Embattled UT Regent Wallace Hall could be on his way to becoming the state’s first appointed official to be impeached (and only the third person to be impeached in Texas history.) 
 
On Monday, the Select Committee on Transparency in State Agency Operations “started outlining a road map for the [impeachment] process,” the Texas Tribune‘s Reeve Hamilton reported, and scheduled six committee meetings between now and December.

 
Governor Rick Perry appointed Hall to the UT System Board of Regents in 2011. Complaints have dogged him increasingly in recent months, related to his sweeping public information requests and whether he listed all the lawsuits he was involved with on his original application to become a regent. 
 
What questions will the committee attempt to answer in their investigation? Committee Co-chair Dan Flynn, R-Canton, laid out the following three questions, according to the Austin American-Statesman‘s Ralph K.M. Haurwitz: 
 

Did Hall fail to disclose material information on his application to be a regent? Did he reveal information about students that violated their privacy? Did he exceed his role as a regent in requesting massive amounts of information from UT-Austin? 
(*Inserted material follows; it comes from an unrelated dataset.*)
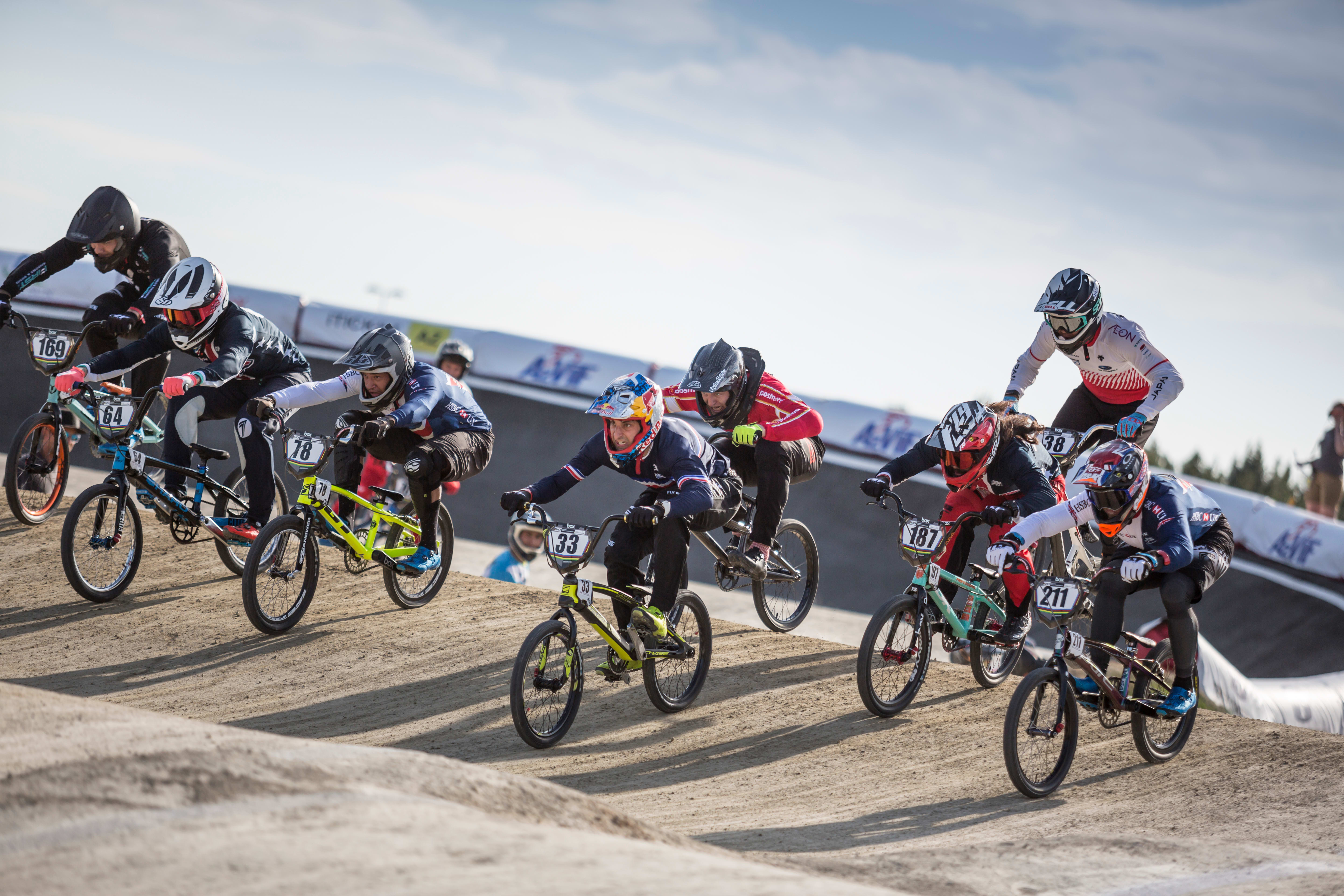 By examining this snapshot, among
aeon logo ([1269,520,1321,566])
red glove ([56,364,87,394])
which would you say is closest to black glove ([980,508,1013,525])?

One of Hall’s lawyers noted the strangeness of holding Monday’s hearing about transparency behind closed doors. “Despite all the platitudes about transparency, the real business is being done in secrecy,” said Allan Van Fleet, Haurwitz reported. Rusty “Slicker ‘n Deer Guts on a Doorknob” Hardin, is serving as special counsel for the committee, assured him that witness testimony and all votes will occur in public.
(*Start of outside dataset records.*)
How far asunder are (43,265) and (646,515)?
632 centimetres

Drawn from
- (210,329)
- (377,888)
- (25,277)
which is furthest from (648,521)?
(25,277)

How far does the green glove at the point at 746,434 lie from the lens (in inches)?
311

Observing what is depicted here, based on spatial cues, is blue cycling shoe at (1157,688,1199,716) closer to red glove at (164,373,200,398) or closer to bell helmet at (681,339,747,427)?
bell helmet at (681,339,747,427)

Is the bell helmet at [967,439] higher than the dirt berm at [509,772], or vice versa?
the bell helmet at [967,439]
Hardin said that the goal of the investigation is “to decide what Hall did and did not do, and determine what the role of a University of Texas regent is,”David Barer wrote in the Dallas Morning News. If this evolves into a protracted investigation, it could, as Chad Swiatecki of the Austin Business Journal pointed out, could cost the state hundreds of thousands of dollars by the time it is over.

In April, Texas Monthly‘s Brian D. Sweany explored some of these issues in an extended chat with Hall, who opened up about the board, the legislature, and UT president Bill Powers. 

 
Regent Wallace Hall of Dallas takes part in a University of Texas Regents meeting in July in Austin. Hall is the subject of a House impeachment investigation. (AP Photo | Eric Gay)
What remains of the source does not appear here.